Over the course of the last couple weeks, I’ve found myself thinking quite a bit about my role and responsibility in my own kids’ education.
This group of friends happens to be a few years ahead of me and my husband when it comes to child rearing. Their children have all graduated high school, a few are still in college, others are recent college grads entering the real world, and the oldest are married with, or almost with, young children of their own. These friends have become more than neighbors over the last twelve years; they are trusted advisers who tell it to us straight. And I was ready for a little straight-talk on Sunday.
I asked them a simple question about their upbringings: “Were your parents involved in your education when you were in middle and high school?”

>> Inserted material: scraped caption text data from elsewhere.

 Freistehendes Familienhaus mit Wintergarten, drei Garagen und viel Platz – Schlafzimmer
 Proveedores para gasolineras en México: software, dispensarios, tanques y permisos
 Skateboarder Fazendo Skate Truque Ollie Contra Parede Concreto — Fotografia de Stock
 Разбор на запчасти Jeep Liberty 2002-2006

Without exception, they all said that their parents were “hands off” when it came to school. No parent called teachers. No parent checked grades on a regular basis. No parent harped about getting homework done or questioned grades on tests. Some of them even said that they weren’t sure their parents ever saw a report card. We all had the same experience -- parents who set expectations, modeled acceptable behavior, worked hard, and left the burden of handling education in the hands of their kids. Our parents didn’t micro-manage us. They didn’t hover. They let us navigate our own education, make mistakes, and figure it out. And we all did.

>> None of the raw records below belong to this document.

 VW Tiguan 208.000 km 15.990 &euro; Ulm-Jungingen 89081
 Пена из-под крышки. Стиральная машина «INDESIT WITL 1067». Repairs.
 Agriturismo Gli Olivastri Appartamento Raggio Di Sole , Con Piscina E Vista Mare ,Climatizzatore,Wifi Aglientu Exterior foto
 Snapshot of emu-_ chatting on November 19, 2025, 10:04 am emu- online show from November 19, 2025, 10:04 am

How and when did society shift? When did the responsibility of educational ownership shift from the kids to the parents? When did parents decide that their role in their child’s education was to manage it -- every day, for every assignment, with every minute detail.

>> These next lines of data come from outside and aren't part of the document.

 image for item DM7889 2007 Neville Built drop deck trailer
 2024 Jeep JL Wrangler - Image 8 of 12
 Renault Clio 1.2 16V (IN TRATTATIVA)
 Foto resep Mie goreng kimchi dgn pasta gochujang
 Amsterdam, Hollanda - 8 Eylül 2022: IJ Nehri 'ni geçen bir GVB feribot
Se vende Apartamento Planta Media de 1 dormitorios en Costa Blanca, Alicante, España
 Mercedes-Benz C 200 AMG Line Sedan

As parents we’ve become obsessed with ever-present online grades, missing and incomplete assignments, student/teacher relationships, curriculum, semester grades, course selections. We don’t even let our kids walk or ride their bikes to school anymore.
Do you remember your parents ever doing ANY of these things?
Of course they didn’t. They left the responsibility for our education in our hands.
So when I sit in a staff meeting at school, and we talk about all the interventions, accommodations, and modifications we make for this generation of students, as well as all the opportunities we create for parent and community involvement, I wonder why.
Would this generation of kids, those we’ve at some point all found irritatingly entitled, spoiled, and unmotivated, be better off if we hadn’t been so involved? Did we created this monster ourselves?
Would our kids be better off if we backed off? If we placed the responsibility of school back on their shoulders? If we intentionally allowed kids to succeed by their own devices? I’m more and more convinced treating our kids as our own parents treated us would not only ensure a next generation of confident children who have learned how to navigate life, but a next generation of children who have discovered that effort and attitude reap untold rewards.
Let’s trust we’ve laid the right foundation and believe in the strength of our kids again -- so they can succeed in their own “Big Game” called life.